• **What you should do**
Copy out exactly the lines below that run from the one holding "Men's Nike White" to the one holding "Exploring Realismcraft: 100", keeping both of those lines and no others.

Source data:
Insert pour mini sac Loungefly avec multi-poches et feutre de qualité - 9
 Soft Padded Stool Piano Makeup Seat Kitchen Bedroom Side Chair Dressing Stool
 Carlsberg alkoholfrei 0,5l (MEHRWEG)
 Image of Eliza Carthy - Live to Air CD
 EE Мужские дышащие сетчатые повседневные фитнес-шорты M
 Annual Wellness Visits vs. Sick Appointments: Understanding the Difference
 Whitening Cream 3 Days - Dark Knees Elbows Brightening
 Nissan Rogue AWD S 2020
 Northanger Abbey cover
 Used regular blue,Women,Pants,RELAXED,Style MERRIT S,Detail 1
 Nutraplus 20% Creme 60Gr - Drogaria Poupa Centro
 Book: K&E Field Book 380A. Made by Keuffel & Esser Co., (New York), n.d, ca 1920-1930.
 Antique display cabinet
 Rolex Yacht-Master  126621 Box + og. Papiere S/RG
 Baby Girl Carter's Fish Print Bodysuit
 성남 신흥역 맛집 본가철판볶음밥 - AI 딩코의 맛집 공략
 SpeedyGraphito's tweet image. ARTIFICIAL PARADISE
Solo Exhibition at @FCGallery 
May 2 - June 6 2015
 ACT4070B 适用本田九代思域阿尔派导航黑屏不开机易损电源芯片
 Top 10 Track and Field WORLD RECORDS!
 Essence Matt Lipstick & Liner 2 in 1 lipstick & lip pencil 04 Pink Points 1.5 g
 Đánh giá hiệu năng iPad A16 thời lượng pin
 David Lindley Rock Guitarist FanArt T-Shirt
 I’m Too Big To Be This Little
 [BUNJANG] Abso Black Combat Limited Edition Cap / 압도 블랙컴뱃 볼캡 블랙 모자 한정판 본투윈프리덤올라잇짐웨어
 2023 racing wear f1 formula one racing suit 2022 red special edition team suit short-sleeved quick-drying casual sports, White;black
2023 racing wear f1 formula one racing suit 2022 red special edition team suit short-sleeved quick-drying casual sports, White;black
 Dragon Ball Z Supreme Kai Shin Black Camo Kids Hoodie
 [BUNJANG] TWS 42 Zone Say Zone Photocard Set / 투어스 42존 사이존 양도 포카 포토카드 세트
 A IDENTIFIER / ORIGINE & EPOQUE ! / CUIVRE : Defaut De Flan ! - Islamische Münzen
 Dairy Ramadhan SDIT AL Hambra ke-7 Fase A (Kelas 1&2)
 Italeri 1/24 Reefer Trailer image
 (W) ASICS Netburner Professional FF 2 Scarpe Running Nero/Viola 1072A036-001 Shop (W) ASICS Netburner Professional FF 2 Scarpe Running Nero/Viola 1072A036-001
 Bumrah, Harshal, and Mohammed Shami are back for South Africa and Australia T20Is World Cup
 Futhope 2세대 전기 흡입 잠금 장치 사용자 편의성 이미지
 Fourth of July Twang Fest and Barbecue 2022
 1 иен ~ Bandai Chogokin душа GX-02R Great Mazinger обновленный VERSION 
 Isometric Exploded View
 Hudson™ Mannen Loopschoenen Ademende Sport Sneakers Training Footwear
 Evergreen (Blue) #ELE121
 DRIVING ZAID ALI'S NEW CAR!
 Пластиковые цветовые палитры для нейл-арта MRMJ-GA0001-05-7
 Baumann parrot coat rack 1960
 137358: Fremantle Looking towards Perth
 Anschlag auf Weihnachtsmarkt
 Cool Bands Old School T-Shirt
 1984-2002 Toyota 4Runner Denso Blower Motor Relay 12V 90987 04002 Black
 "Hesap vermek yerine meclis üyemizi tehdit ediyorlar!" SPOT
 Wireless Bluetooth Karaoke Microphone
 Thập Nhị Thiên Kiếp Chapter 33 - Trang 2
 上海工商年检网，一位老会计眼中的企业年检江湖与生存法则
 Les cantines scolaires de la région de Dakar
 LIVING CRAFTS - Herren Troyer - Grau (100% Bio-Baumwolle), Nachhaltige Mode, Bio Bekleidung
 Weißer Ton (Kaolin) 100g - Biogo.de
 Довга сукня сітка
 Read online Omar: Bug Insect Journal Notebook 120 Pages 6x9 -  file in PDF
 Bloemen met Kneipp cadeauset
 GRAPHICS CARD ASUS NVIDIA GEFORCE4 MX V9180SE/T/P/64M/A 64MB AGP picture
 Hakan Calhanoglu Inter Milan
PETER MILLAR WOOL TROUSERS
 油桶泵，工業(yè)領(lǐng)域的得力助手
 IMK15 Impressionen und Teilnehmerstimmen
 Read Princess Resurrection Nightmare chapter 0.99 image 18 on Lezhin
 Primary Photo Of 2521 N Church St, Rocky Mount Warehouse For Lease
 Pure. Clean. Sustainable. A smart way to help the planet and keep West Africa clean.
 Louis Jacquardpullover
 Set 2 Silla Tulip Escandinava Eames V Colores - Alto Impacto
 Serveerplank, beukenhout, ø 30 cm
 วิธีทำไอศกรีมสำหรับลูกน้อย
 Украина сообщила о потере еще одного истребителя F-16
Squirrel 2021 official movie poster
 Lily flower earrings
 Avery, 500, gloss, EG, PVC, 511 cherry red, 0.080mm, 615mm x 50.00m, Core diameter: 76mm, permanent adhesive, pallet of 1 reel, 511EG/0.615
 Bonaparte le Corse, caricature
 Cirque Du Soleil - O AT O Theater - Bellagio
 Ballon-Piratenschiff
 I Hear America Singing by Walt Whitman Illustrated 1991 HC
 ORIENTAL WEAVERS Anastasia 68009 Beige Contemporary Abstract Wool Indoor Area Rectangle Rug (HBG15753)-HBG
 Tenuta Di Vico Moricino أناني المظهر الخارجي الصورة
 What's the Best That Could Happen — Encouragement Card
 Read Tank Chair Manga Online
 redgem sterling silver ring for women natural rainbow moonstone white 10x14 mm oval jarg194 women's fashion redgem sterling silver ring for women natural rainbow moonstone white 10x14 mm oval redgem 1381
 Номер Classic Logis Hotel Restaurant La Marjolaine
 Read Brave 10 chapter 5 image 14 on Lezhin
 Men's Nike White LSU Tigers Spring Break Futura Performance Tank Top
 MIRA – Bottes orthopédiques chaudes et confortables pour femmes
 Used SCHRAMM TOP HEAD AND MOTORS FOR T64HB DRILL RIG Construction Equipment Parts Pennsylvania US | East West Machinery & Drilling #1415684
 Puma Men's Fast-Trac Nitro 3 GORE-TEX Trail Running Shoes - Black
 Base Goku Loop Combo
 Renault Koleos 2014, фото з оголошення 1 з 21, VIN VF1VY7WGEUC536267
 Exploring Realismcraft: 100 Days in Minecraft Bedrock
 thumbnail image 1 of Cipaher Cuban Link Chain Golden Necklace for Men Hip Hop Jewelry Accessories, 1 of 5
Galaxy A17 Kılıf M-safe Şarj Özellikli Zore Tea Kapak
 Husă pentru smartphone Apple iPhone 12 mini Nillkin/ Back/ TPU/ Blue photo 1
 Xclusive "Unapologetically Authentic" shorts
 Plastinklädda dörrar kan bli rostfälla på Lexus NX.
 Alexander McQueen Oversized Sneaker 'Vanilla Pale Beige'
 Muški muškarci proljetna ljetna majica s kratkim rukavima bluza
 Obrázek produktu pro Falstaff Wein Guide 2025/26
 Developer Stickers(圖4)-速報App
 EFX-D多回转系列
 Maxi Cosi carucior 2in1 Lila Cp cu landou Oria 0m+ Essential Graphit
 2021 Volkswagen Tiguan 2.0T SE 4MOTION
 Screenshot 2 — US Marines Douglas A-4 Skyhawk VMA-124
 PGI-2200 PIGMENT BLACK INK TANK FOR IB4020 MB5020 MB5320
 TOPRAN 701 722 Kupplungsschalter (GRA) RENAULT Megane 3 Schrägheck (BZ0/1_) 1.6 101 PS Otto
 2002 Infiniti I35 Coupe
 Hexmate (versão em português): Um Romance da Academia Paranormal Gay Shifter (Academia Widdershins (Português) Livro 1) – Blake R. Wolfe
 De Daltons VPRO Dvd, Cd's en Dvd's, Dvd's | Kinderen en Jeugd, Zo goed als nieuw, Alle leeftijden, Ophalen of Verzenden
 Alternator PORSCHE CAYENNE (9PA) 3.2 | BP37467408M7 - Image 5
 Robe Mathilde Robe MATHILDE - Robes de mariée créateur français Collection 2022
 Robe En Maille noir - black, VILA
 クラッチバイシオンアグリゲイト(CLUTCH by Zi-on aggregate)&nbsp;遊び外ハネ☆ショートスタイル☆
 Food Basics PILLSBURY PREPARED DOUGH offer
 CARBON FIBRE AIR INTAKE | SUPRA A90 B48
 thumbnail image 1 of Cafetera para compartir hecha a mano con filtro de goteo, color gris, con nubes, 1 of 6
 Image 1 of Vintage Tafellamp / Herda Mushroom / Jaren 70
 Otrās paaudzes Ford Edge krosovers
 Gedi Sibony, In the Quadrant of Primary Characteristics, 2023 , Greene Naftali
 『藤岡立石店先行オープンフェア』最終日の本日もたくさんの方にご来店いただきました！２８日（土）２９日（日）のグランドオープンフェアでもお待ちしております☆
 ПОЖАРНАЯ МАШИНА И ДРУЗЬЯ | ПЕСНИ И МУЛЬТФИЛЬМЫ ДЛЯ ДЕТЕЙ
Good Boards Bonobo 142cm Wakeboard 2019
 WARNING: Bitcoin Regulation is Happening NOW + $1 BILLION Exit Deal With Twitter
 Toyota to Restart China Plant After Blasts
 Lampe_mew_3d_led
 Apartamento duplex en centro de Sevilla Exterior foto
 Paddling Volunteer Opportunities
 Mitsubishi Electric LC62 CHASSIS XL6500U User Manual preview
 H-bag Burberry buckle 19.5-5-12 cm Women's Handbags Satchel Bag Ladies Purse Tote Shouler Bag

• **Response area**
 Men's Nike White LSU Tigers Spring Break Futura Performance Tank Top
 MIRA – Bottes orthopédiques chaudes et confortables pour femmes
 Used SCHRAMM TOP HEAD AND MOTORS FOR T64HB DRILL RIG Construction Equipment Parts Pennsylvania US | East West Machinery & Drilling #1415684
 Puma Men's Fast-Trac Nitro 3 GORE-TEX Trail Running Shoes - Black
 Base Goku Loop Combo
 Renault Koleos 2014, фото з оголошення 1 з 21, VIN VF1VY7WGEUC536267
 Exploring Realismcraft: 100 Days in Minecraft Bedrock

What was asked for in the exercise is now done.